**WHAT TO PRODUCE**
Could you copy exactly the lines from the one containing "Clutch Masters FW-622-B-TDS" through the last line of the records, leaving out every picture?

(LISTED RECORDS begins)

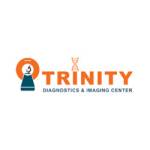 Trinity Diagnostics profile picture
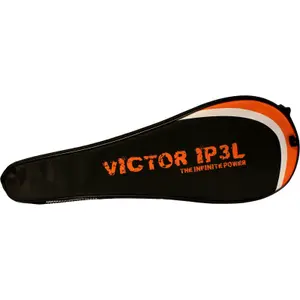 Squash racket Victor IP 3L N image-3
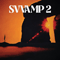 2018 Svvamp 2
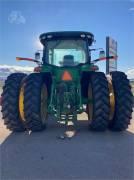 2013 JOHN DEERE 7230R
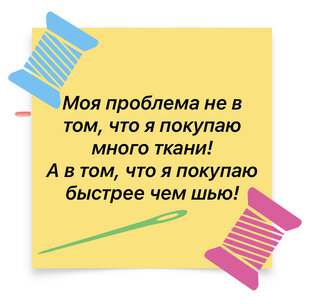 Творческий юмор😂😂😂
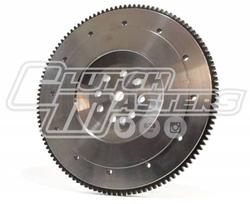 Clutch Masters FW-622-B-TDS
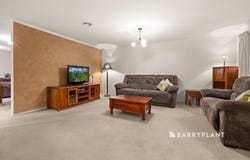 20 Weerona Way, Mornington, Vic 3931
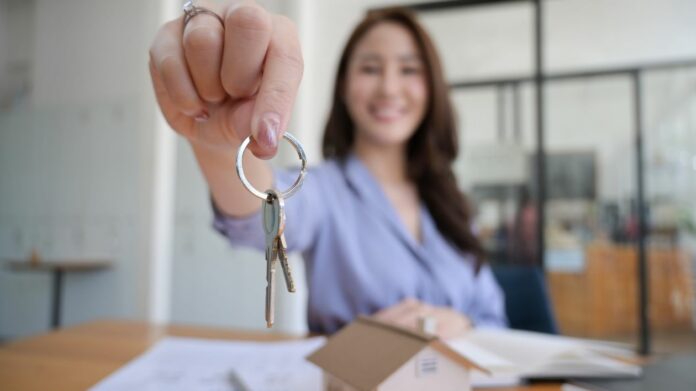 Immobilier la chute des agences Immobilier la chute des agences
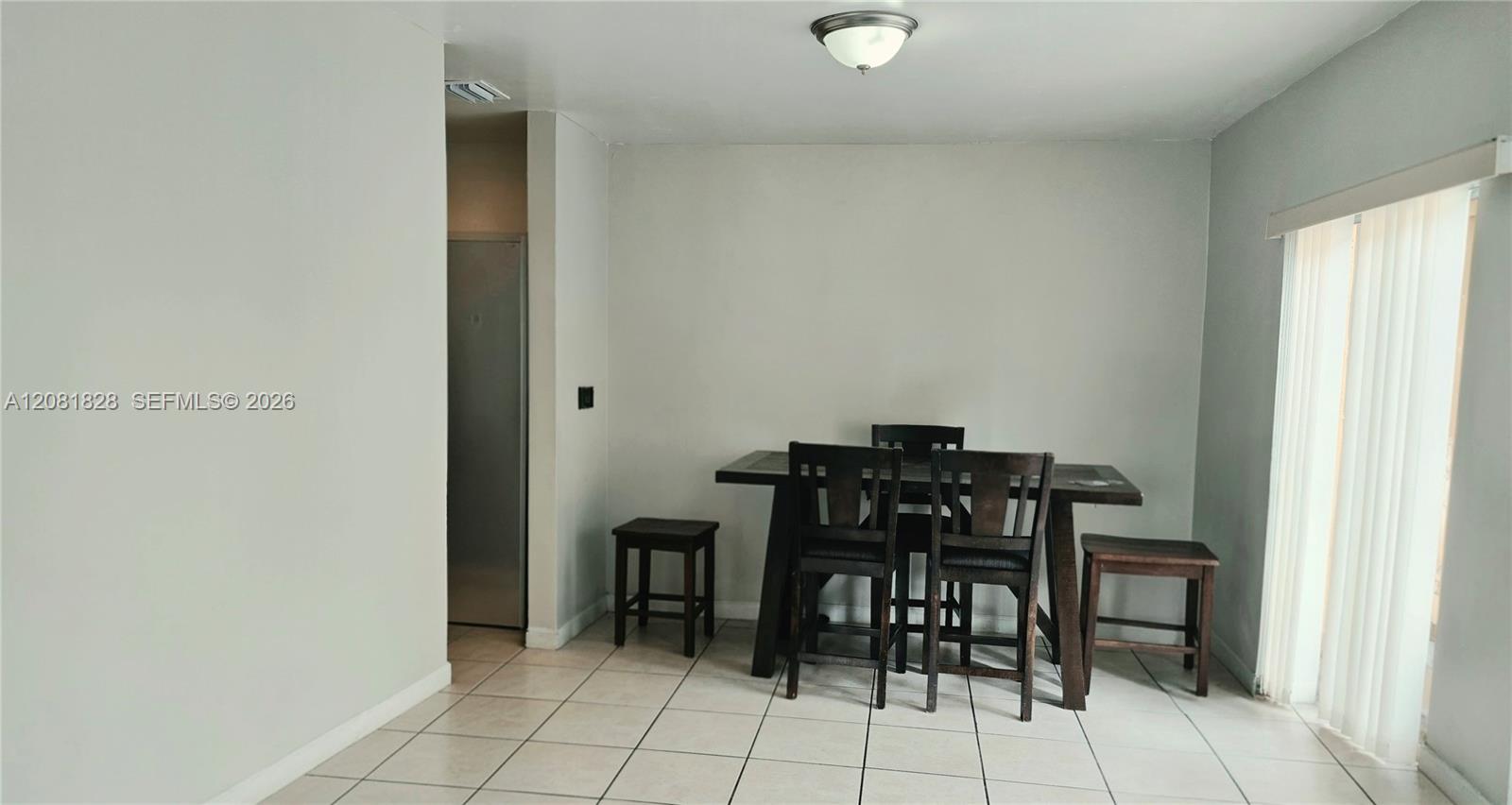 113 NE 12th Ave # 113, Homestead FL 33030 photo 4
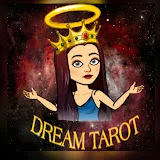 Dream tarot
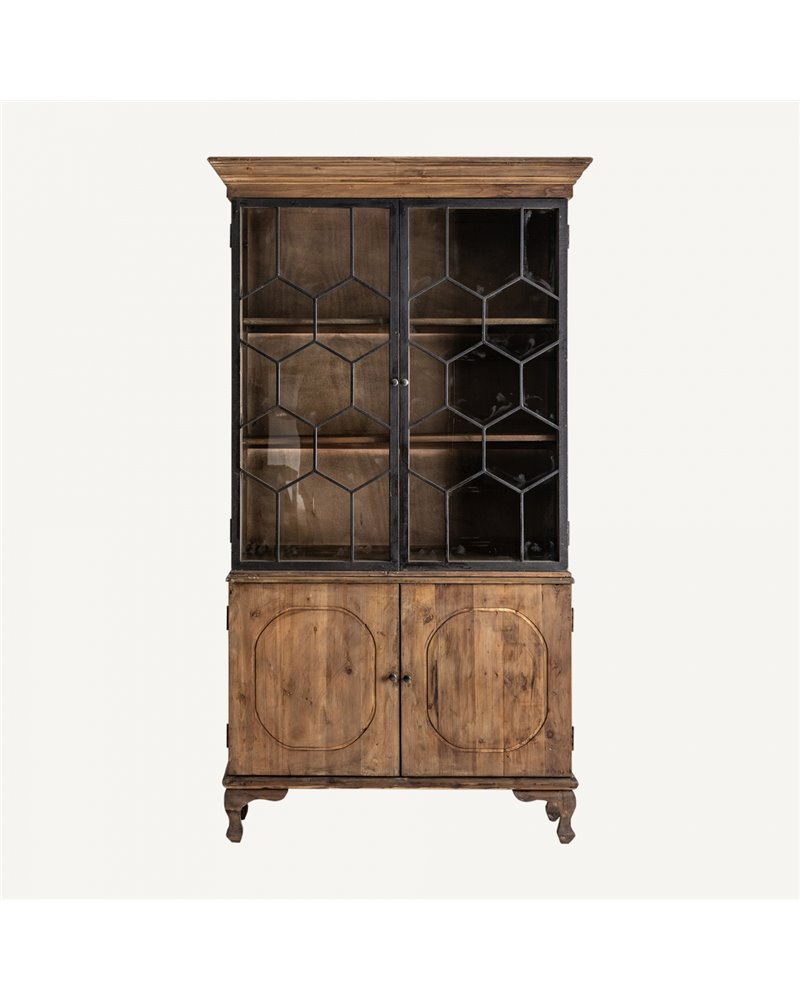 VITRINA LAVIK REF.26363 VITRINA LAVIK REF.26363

(LISTED RECORDS ends)

**TASK RESPONSE**
 Clutch Masters FW-622-B-TDS
 20 Weerona Way, Mornington, Vic 3931
 Immobilier la chute des agences Immobilier la chute des agences
 113 NE 12th Ave # 113, Homestead FL 33030 photo 4
 Dream tarot
 VITRINA LAVIK REF.26363 VITRINA LAVIK REF.26363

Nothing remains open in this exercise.